SUPPLIED MATERIAL:
# # # #

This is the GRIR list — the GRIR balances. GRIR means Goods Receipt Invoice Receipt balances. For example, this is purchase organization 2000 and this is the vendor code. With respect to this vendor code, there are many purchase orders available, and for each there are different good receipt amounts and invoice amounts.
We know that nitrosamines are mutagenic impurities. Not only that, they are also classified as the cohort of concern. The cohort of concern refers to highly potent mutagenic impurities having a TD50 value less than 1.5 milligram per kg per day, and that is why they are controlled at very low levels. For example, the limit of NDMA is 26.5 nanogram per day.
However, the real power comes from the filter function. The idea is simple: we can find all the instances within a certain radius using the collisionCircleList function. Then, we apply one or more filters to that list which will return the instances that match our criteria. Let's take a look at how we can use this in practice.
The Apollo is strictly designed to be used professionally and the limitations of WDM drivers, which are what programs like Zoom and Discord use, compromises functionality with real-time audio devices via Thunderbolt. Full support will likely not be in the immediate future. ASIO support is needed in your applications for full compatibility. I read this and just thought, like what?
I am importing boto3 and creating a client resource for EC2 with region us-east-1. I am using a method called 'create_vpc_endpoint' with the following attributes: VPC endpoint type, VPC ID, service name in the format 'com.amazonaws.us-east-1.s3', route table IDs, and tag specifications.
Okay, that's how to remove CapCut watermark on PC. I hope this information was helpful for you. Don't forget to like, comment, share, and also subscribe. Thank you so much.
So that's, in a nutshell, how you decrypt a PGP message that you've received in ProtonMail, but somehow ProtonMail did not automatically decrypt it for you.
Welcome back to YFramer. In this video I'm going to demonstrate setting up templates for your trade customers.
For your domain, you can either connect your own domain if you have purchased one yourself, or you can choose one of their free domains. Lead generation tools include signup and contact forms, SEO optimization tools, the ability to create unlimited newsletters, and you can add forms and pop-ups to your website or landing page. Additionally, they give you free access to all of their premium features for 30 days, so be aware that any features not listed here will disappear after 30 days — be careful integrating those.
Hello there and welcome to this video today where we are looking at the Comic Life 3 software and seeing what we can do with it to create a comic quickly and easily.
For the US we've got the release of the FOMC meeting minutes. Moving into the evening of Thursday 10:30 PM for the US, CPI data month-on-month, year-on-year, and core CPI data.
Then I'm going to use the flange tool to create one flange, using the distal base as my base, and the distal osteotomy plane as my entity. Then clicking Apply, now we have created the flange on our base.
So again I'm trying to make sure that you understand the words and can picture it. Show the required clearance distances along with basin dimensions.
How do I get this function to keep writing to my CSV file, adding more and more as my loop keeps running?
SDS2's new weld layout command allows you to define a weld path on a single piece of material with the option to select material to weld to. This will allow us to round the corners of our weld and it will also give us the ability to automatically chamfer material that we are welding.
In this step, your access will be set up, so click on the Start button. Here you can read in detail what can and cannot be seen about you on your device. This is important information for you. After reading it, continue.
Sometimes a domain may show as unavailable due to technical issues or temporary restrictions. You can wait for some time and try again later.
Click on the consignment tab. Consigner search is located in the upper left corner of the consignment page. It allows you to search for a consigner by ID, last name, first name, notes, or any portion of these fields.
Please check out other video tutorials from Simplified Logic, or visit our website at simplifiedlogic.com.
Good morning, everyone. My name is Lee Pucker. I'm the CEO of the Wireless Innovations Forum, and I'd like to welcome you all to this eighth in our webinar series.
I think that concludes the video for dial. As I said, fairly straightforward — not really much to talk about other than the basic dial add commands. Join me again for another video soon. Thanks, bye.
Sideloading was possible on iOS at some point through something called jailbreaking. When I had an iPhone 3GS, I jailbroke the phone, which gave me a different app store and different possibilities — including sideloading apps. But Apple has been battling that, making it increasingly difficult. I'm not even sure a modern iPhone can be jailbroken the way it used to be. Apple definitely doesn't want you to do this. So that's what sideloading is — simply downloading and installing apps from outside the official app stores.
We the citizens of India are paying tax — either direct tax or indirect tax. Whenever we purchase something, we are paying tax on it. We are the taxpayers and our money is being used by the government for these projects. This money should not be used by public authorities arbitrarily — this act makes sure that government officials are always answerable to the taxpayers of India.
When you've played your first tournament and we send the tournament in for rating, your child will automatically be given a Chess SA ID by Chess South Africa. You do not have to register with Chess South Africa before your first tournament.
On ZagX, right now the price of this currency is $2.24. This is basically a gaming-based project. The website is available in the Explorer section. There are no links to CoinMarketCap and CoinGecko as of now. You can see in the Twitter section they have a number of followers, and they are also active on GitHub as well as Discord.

# # # #

TASK DIRECTIONS:
Return the lines of the listing where the string "other" appears.

RESPONSE TO THE TASK:
Please check out other video tutorials from Simplified Logic, or visit our website at simplifiedlogic.com.
I think that concludes the video for dial. As I said, fairly straightforward — not really much to talk about other than the basic dial add commands. Join me again for another video soon. Thanks, bye.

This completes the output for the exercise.